My name is Deborah Petersen, and I was in an abusive relationship for three years. Things were going along fine for about a year and a half, but then the abuse started. It was mental and verbal at first before progressing to controlling behavior and physical abuse. Over time the abuse grew in both frequency and severity.
In the beginning, I didn’t know exactly what was wrong. I blamed myself. I turned to online resources for help and found The Hotline’s website. I made numerous visits to the site, at first reading the section defining abuse, and soon I realized and accepted that I was being abused.
I learned how abuse often increases over time. I recognized the signs of escalating danger in my own relationship and used the website’s information on safety planning, including keeping a packed bag hidden in my car in case I needed to make a quick escape. When the violence finally did escalate, I called the police and had my partner arrested.
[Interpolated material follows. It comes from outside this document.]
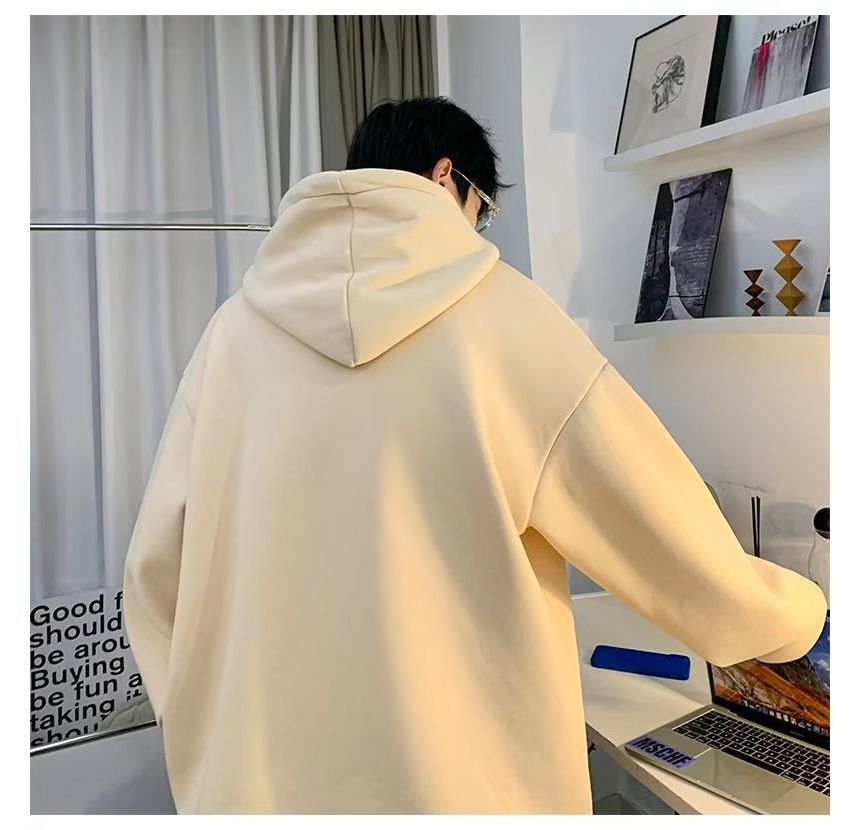 Wewewow - Oversized hoodie met letters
I found myself in the car, leaving town to stay with family, and I picked up the phone and called The Hotline. I knew they would be there when I needed to talk, and they were. What I got from talking to them on the phone that day was a level of understanding I had never had before, a level that my friends and family couldn’t provide. They understood exactly where I was and what I was going through — as opposed to being on the outside looking in.
This is what The Hotline’s advocates do for thousands of victims and survivors 24 hours a day, 7 days a week, 365 days a year. Just one phone call can change someone’s life. It certainly changed mine.
I am proud to be a regular donor to The Hotline because I want to help make sure someone is always available to answer the phone when a victim needs help. I know firsthand what a world of difference that call can make.